Limitations of the present study concern sample composition and definition of binge watching. The sample size was too small to allow correlative analyses with enough statistical power. Furthermore, descriptive analyses showed that most participants had high levels of education which is indicative for higher cognitive control and therefore could have led to a bias towards better performance in the behavioral tasks. Furthermore, binge watching and the group classification were defined by the number of binge-watching episodes during a specified period. Psychological symptoms were not considered. Recent studies have shown the usefulness of including psychological symptoms in the definition of binge watching. Therefore, a questionnaire assessing different symptoms related to problematic binge watching should be used (e. g. Series Watching Engagement Scale, Toth-Kiraly et al., 2017). Moreover, it should be considered that binge watching is currently not classified as a mental disorder, even though an addictive potential is debated. Given the lower severity of binge watching, changes on the behavioral or self-report level might not be observable. Finally, behavioral effects for reduced inhibitory performance could not be detected, although the HBW group reported higher impulsivity as measured with BIS-11 score. Also, neither a main effect of context nor an interaction effect of group and motivational context were observed in the MIFLAT.

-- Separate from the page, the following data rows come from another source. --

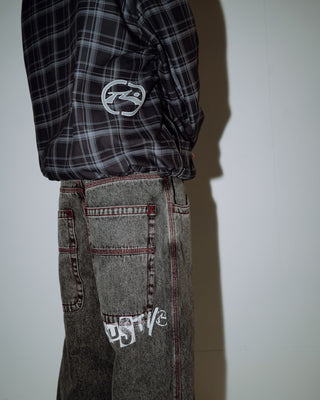 Man wearing Redemption Baggy Jean in Washed Black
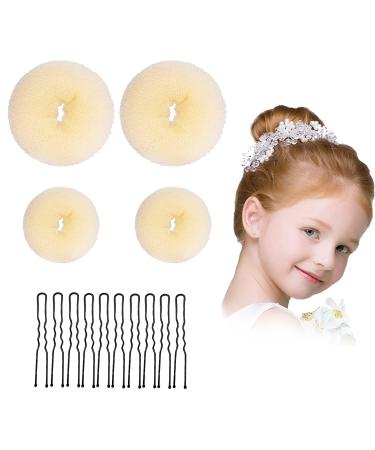 Hair Donut Blonde - 4Pcs Donut Bun Makers Set with 10Pcs Hair Pins - Stylish Blonde Doughnut Bun Hair Accessories for Girls and Kids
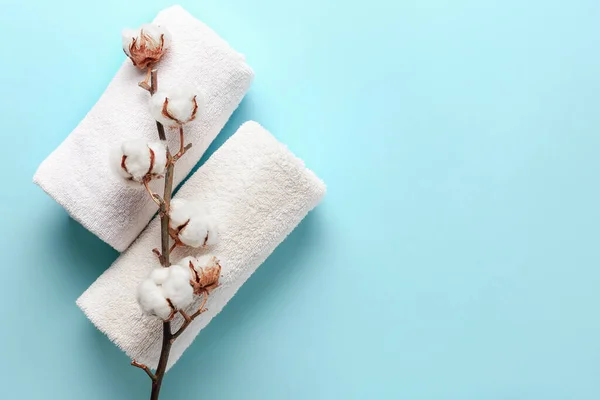 Cotton Flowers Soft Towels Color Background — Stock Photo, Image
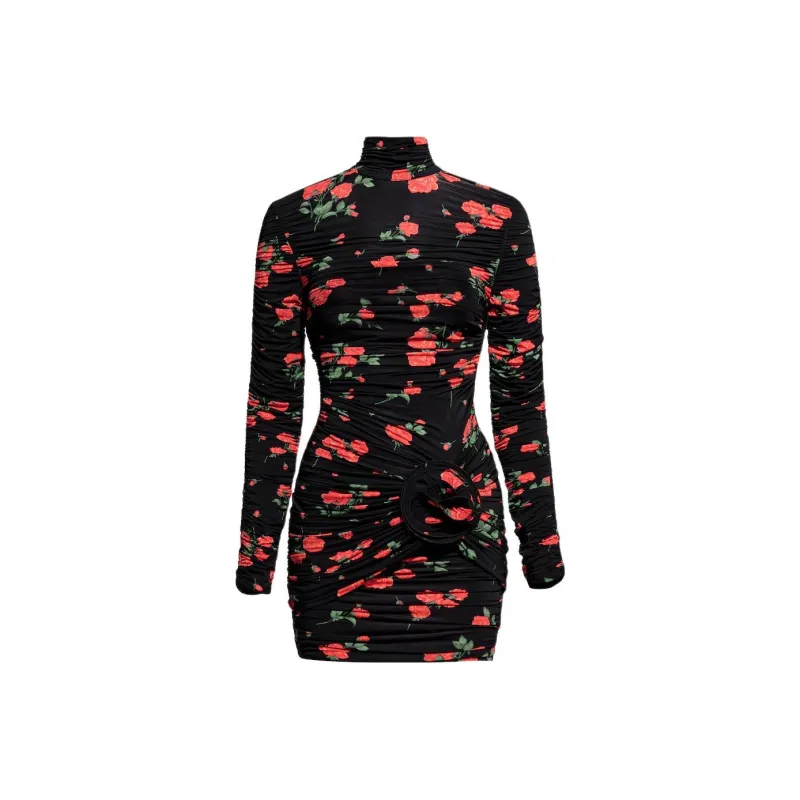 H&M x MAGDA BUTRYM Magda Butrym Collaboration Long Sleeved Dress Women's Black/Rose-0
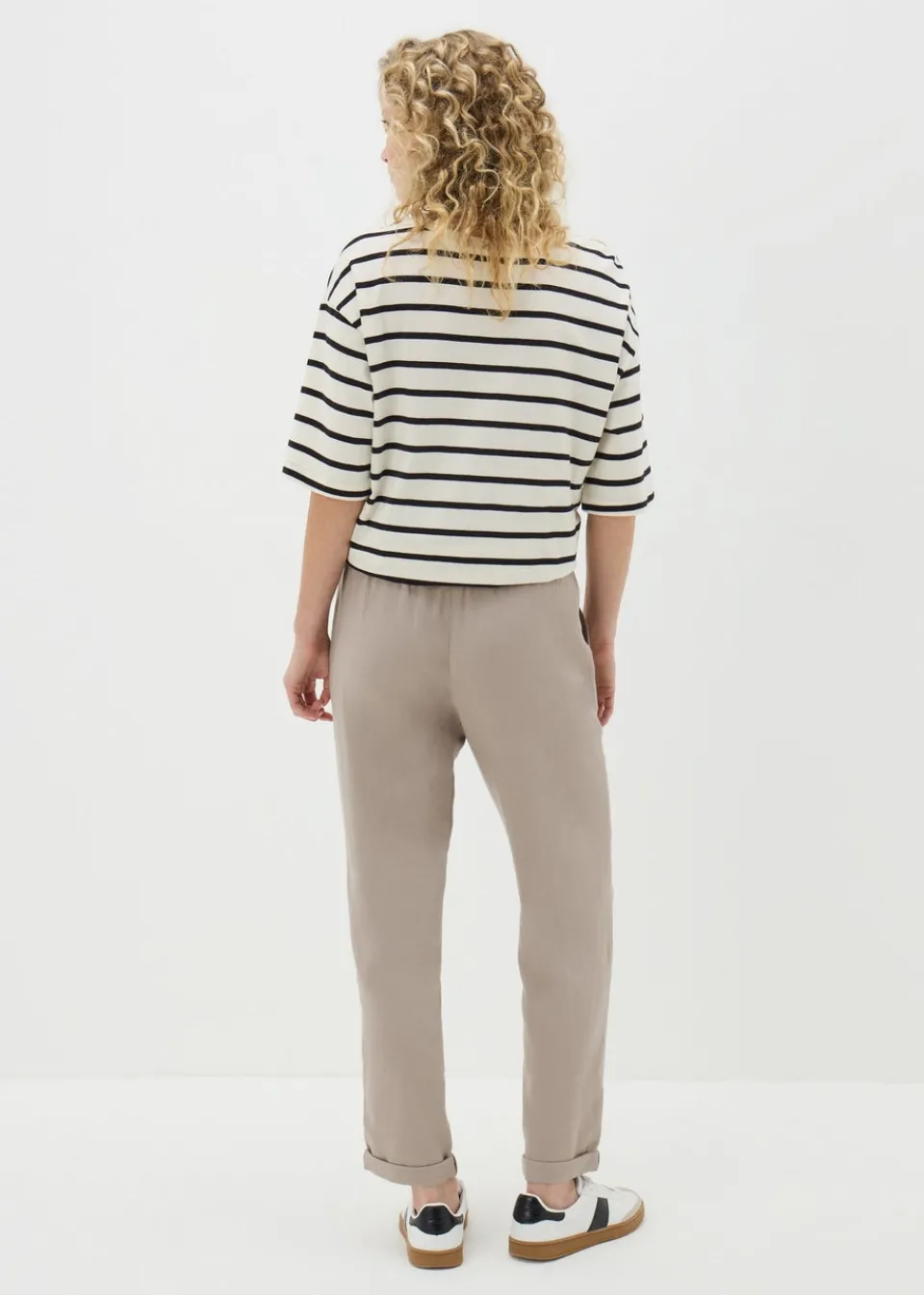 Trousers>Papaya Taupe Linen Blend Tapered Trousers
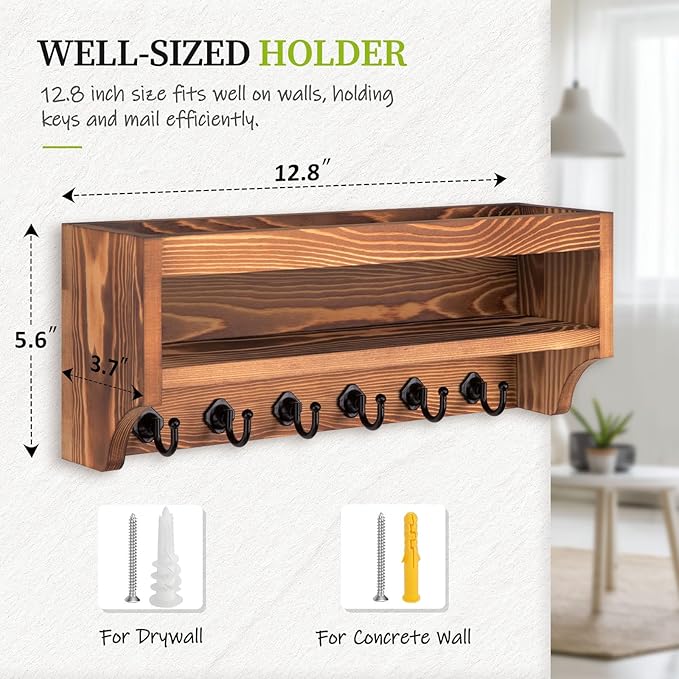 Nekon Key Holder Wall Mount, 12.8" W x 5.6" H x 3.7" D Wall Mounted Key and Mail Organizer with 6 Key Hooks, Key Racks for Home Entryway Decor (Brown)
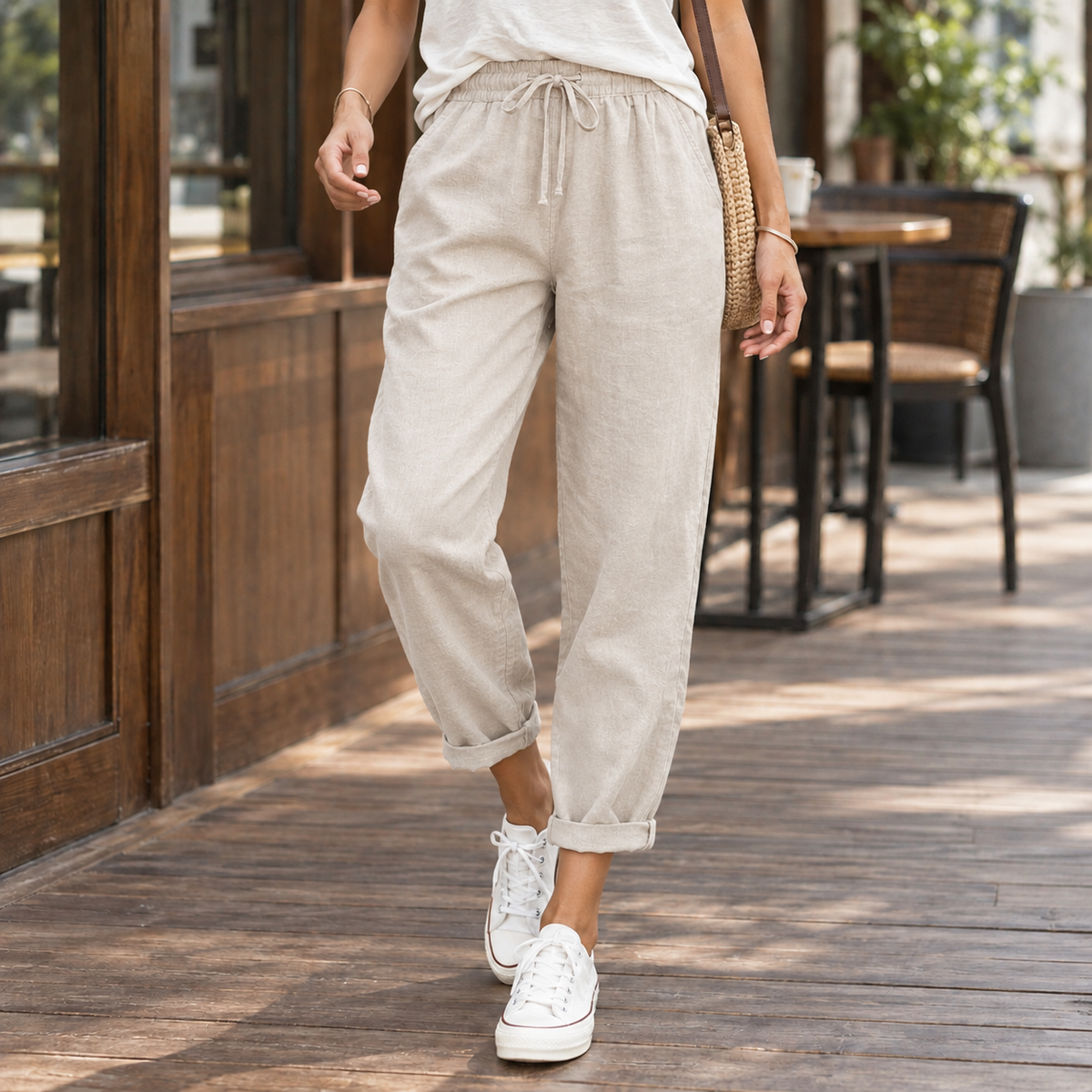 Freya Relaxed Pants - Beige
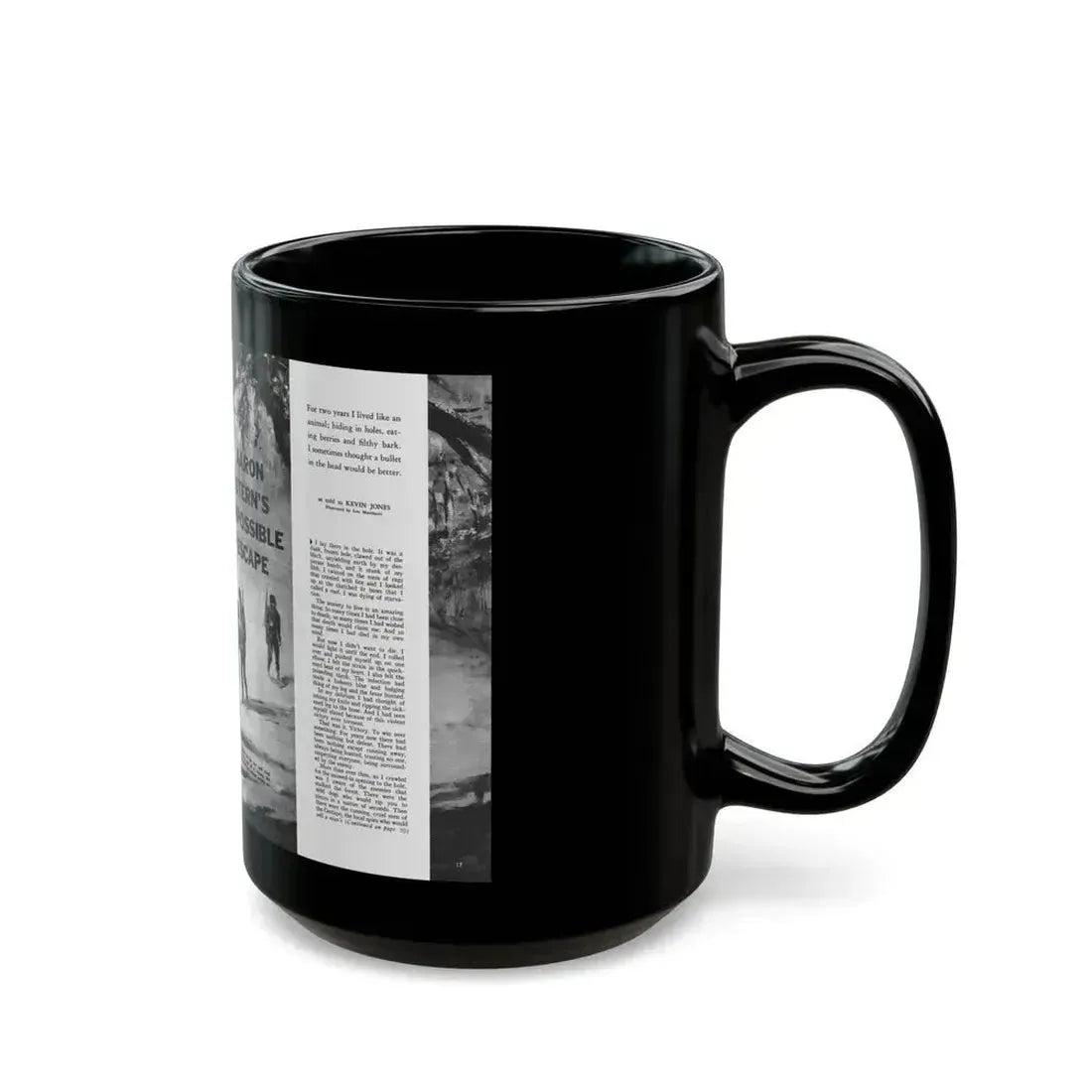 Aaron Stern's Impossible Escape, Male magazine, February 1957 - Black Coffee Mug - Go Mug Yourself
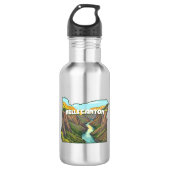 Hells Canyon Oregon Karte Edelstahlflasche (Vorderseite)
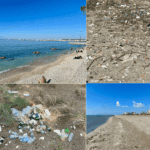 Kollage die Strände und Plastikmüll zeigt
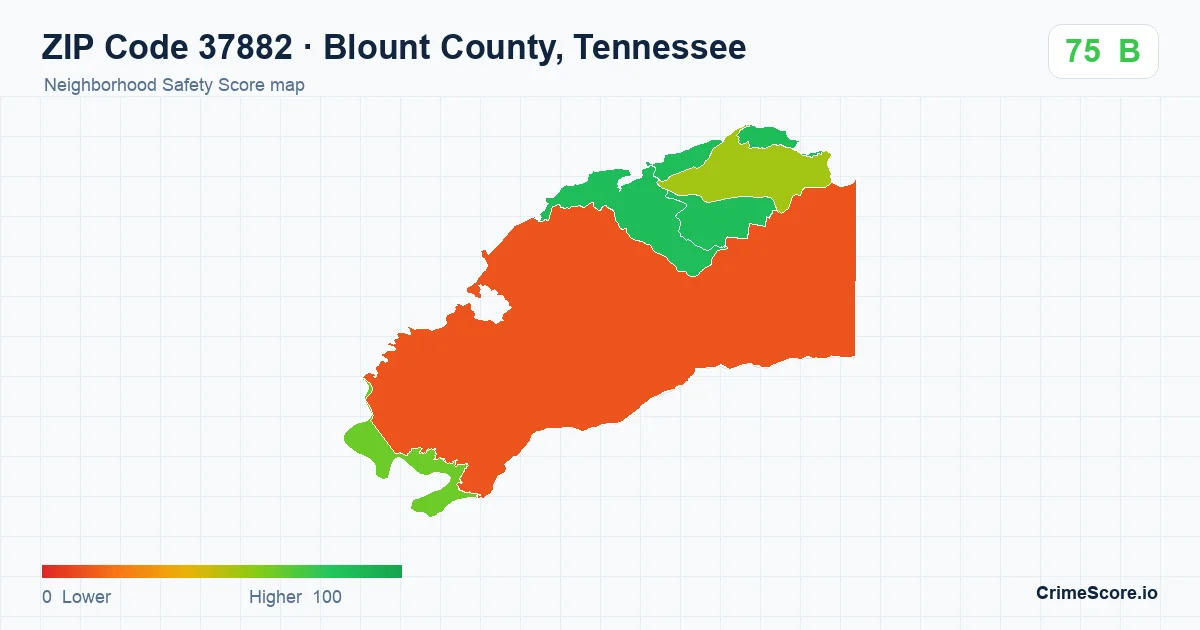ZIP Code 37882 in Blount County, Tennessee neighborhood Safety Score map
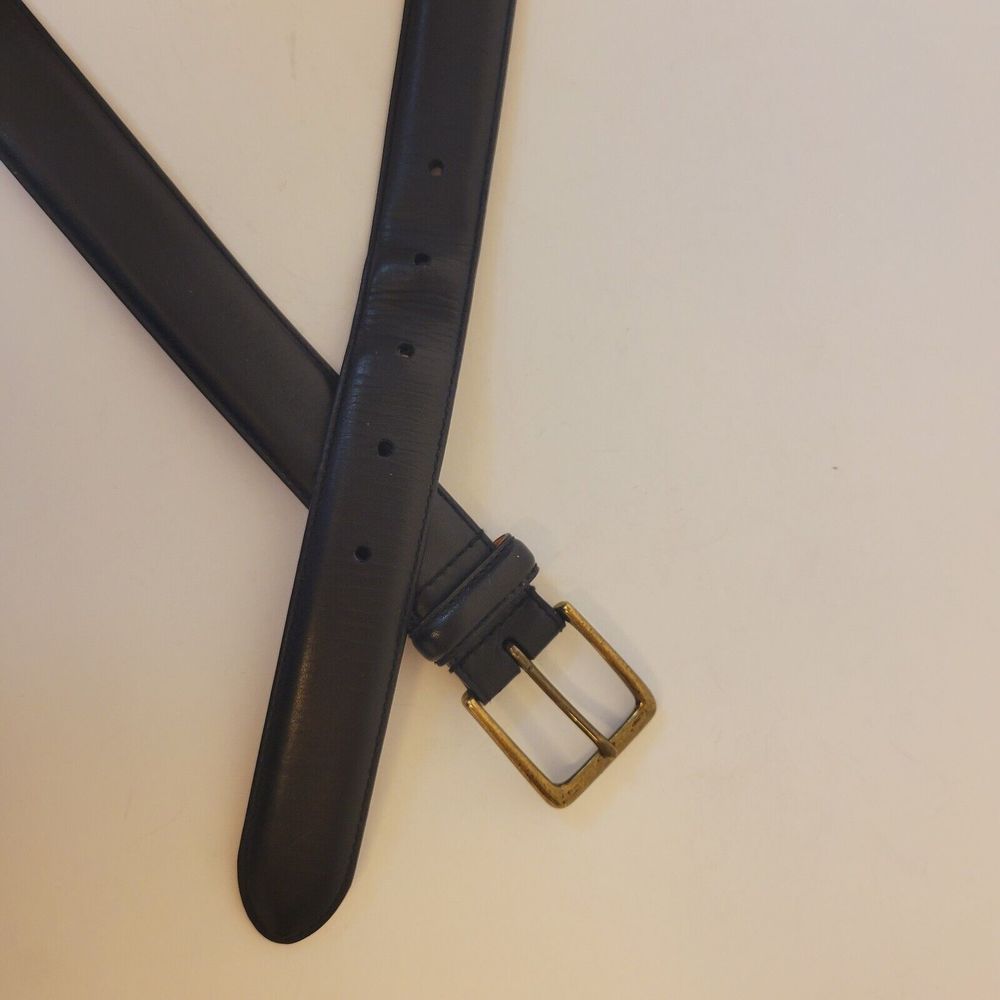 Mens Polo Ralph Lauren Genuine Italian Leather Black Belt - Picture 5 of 9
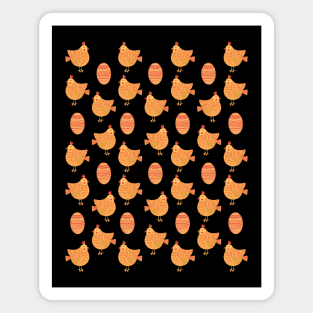 The cute yellow and red chicken and egg pattern, version 4 Magnet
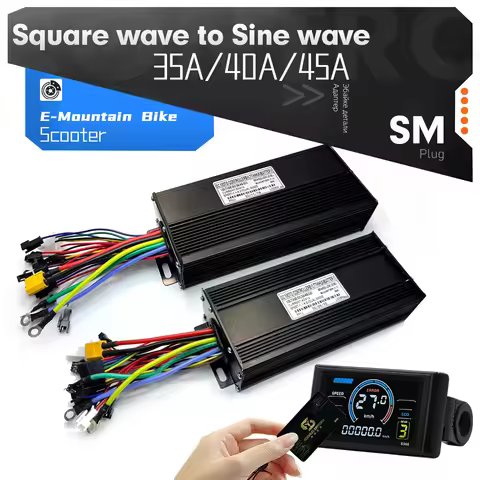 Ebike SineWave Three mode controller 36/38/52V 35A 40A 45A with Learning Wire UART No.2 Protocol For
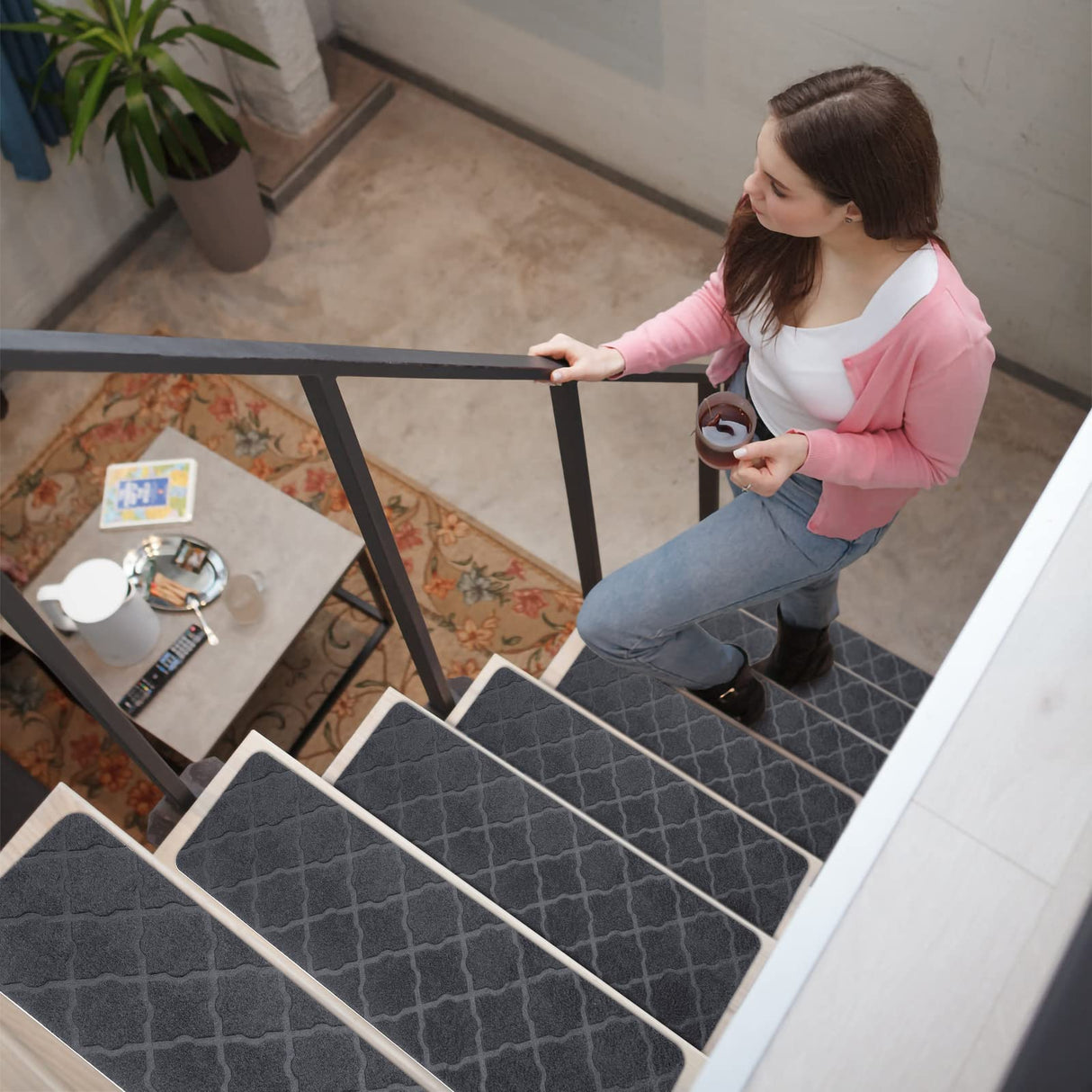 Stair Treads for Wooden Steps 15pcs - 8x30in Carpet Stairs Runner Indoor Non-Slip Stair Mats for Kids Elders and Pets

In conclusion, this study examined neural correlates of cognitive control in binge watching for the first time. Affected individuals showed larger P3a, P3b, and ERN amplitudes compared to individuals without BW behavior. Results indicated poorer response inhibition in BW, similar to findings in behavioral addictions. On the other hand, an altered performance monitoring was observed contradicting the supposed classification. More research is needed to better understand BW behavior and its neuronal correlates.

Authors contribution

TE, CK, KLB, and RO were responsible for the study concept and design. CK and KLB recruited participants and recorded EEG data. CK, KLB, and TE analyzed the data. CK, KLB, RD, and TE were responsible for interpretation. CK and KLB drafted the manuscript and TE, RD, and RO provided critical revisions of the manuscript. All authors critically reviewed the content of the manuscript and approved the final version for publication.